A <- matrix(data = 1:4, ncol = 2)
A
## [,1] [,2]
## [1,] 1 3
## [2,] 2 4
B <- matrix(data = 5:8, nrow = 2, byrow = TRUE)
B
## [,1] [,2]
## [1,] 5 6
## [2,] 7 8
Now that we know how to make matrices, we’ll make three more: a 2x3, a 3x2, and a 3x3. We’ll use all five of these matrices later to explore how matrix algebra is done in R.
C <- matrix(data = 1:6, ncol = 3)
C
## [,1] [,2] [,3]
## [1,] 1 3 5
## [2,] 2 4 6
D <- matrix(data = c(rep(x = 1:3, times = 2)), nrow = 3, byrow = TRUE)
D
## [,1] [,2]
## [1,] 1 2
## [2,] 3 1
## [3,] 2 3
E <- matrix(data = c(rep(x =1:4, times = 2), 5), ncol = 3)
E
## [,1] [,2] [,3]
## [1,] 1 4 3
## [2,] 2 1 4
## [3,] 3 2 5
As an aside, never asign anything to “T” or “F” because these are shorthand for the logical values TRUE
and FALSE
.
Adding and subtracting matrices in R is very straightforward.
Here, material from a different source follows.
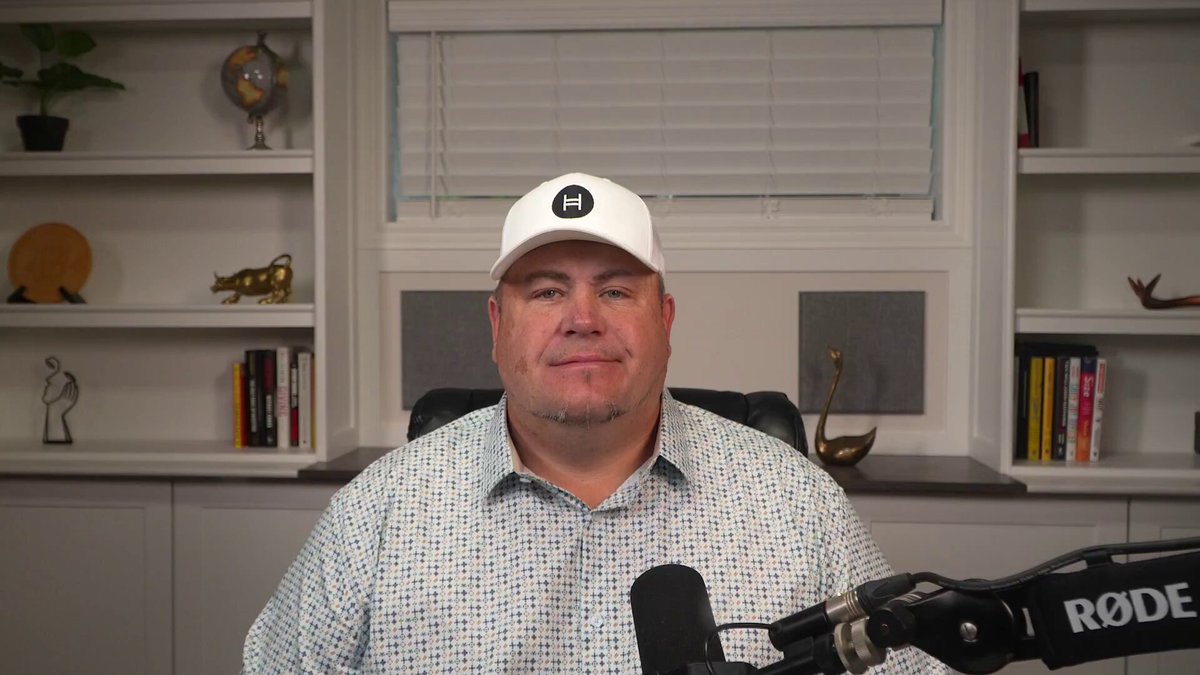The image shows a man wearing a white baseball cap sitting at a desk with a microphone, likely preparing for an interview or speaking event. The setting appears to be indoors, possibly in a room with bookshelves filled with various items such as vases and potted plants. The presence of these objects suggests that the space is used for both work and leisure activities. The man's attire and the microphone indicate that he might be involved in media or entertainment, while the bookshelves imply an interest in reading or collecting items related to literature or art.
To perform element-wise addition and subtraction, you can simply add and subtract matrices like you would vectors or variables.
Z <- A + B
Z
## [,1] [,2]
## [1,] 6 9
## [2,] 9 12
Multiplying matrices in R isn’t as straightforward. If we try to multiply them like we would vectors or variables, we’ll perform element-wise multiplication, which probably isn’t what you’re intending to do. We can see this with matrix W
below.
W <- A * B
W
## [,1] [,2]
## [1,] 5 18
## [2,] 14 32
To perform matrix multiplication, we must use a special operator that let’s R know that we’re not intending for element-wise multiplication. When doing this, you need to ensure that your matrices conform to the multiplication rule:
The number of columns of the pre-multiplied matrix must be equal to the number of rows of the post-multiplied matrix.
V <- A %*% B
V
## [,1] [,2]
## [1,] 26 30
## [2,] 38 44
Now let’s try a bit more complex of a matrix multiplication problem. Notice how the dimensions of these matrices conform to the multiplication rule:
[2x2] * [2x3] * [3x3] * [3x2] * [2*2] = [2x2]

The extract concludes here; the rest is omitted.